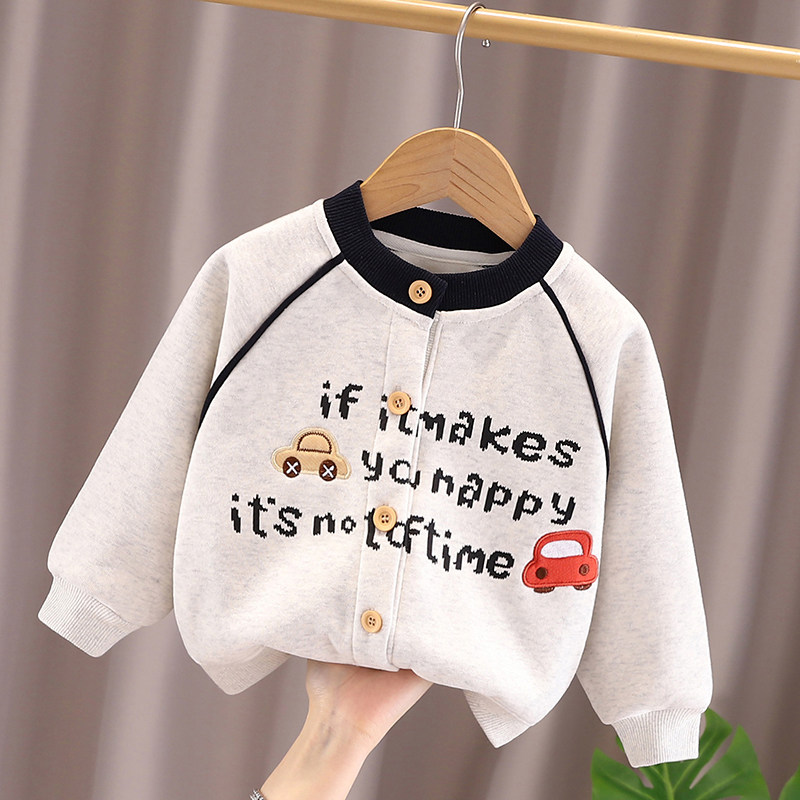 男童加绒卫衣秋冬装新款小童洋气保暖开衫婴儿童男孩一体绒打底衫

+---+

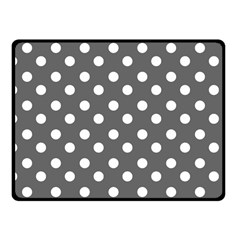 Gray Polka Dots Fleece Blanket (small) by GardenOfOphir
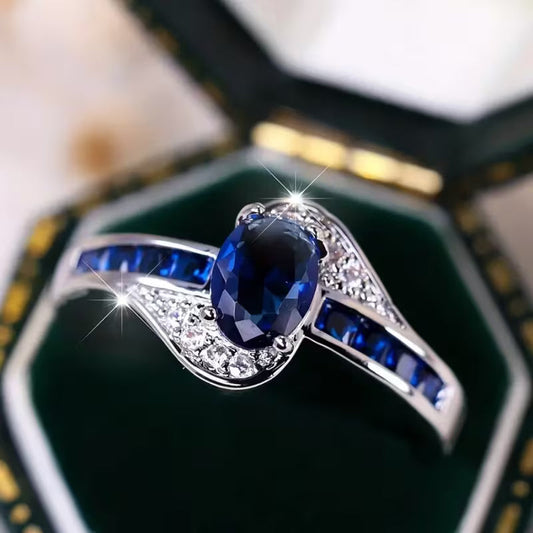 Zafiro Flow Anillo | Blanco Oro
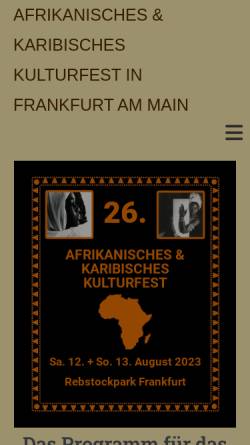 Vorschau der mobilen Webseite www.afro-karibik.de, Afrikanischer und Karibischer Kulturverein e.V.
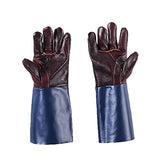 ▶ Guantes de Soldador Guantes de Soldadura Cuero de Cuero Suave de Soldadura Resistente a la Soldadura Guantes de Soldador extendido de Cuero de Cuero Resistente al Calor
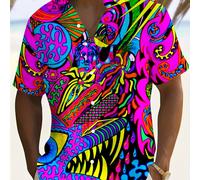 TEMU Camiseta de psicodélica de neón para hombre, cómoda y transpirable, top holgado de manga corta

+---+

▶ **TASK STATEMENT**
Look above for the line containing "Gray Polka Dots", then write out every line from there down to the line containing "TEMU Camiseta de", that line included, with no pictures.

▶ **EXERCISE SOLUTION**
 Gray Polka Dots Fleece Blanket (small) by GardenOfOphir
 Zafiro Flow Anillo | Blanco Oro
 Vorschau der mobilen Webseite www.afro-karibik.de, Afrikanischer und Karibischer Kulturverein e.V.
 ▶ Guantes de Soldador Guantes de Soldadura Cuero de Cuero Suave de Soldadura Resistente a la Soldadura Guantes de Soldador extendido de Cuero de Cuero Resistente al Calor
 TEMU Camiseta de psicodélica de neón para hombre, cómoda y transpirable, top holgado de manga corta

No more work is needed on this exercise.